__Records for processing__
☆ ☆ ☆ ☆ ☆ ☆ ☆
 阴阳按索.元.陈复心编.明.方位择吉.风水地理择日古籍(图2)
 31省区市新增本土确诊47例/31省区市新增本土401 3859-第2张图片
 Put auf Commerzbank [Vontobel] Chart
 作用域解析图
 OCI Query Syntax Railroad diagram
☆ ☆ ☆ ☆ ☆ ☆ ☆
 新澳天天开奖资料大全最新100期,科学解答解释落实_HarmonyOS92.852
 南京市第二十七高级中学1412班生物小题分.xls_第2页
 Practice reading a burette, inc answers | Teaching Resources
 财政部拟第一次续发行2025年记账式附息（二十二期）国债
☆ ☆ ☆ ☆ ☆ ☆ ☆
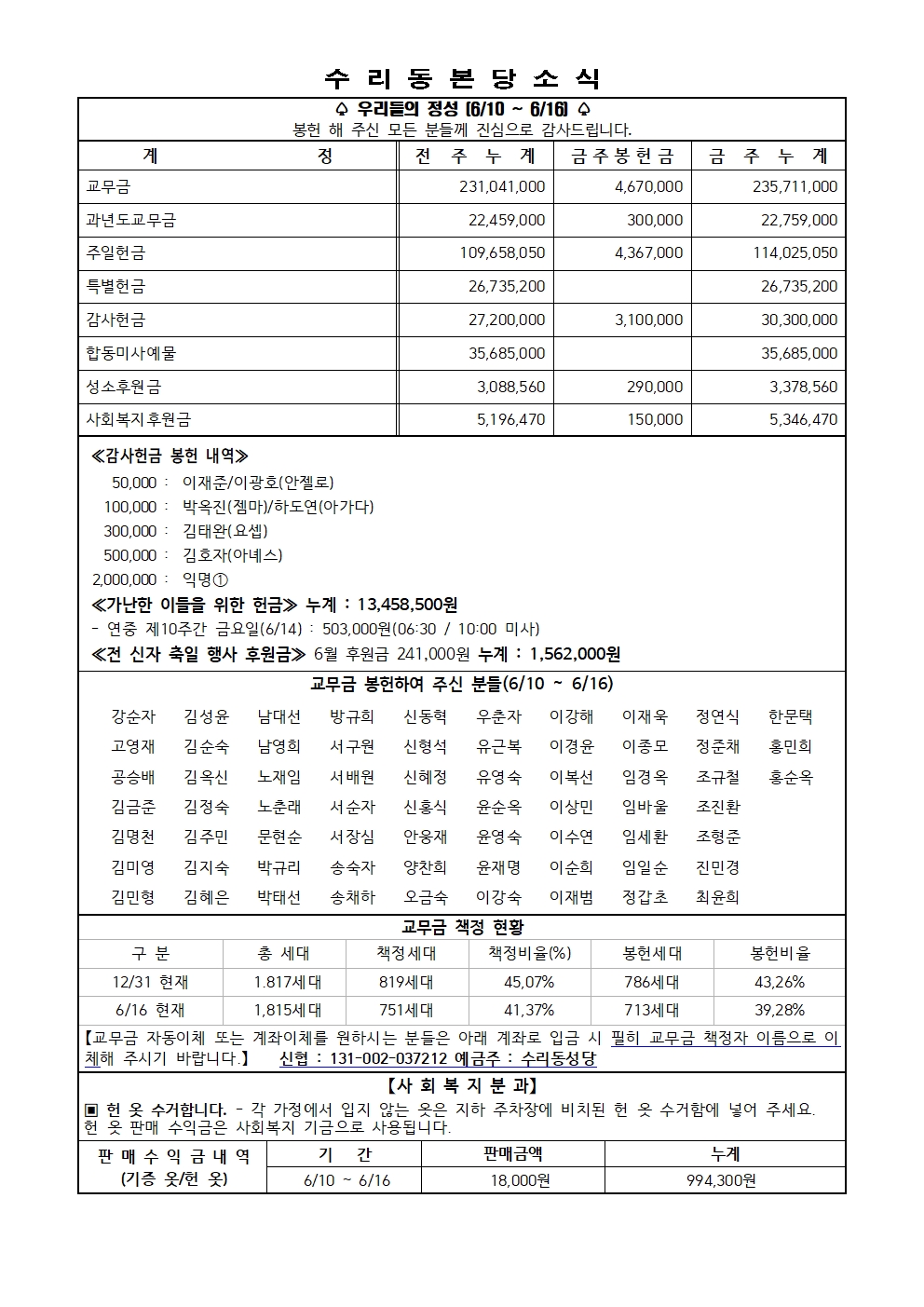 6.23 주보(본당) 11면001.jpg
☆ ☆ ☆ ☆ ☆ ☆ ☆
__Description of the task__
Once you find the line with "31省区市新增本土确诊47例/31省区市新增本土401 3859-第2张图片" in the entries above, output it and each line after it up to and including the line with "OCI Query Syntax Railroad diagram", and nothing else.

__Task solution__
 31省区市新增本土确诊47例/31省区市新增本土401 3859-第2张图片
 Put auf Commerzbank [Vontobel] Chart
 作用域解析图
 OCI Query Syntax Railroad diagram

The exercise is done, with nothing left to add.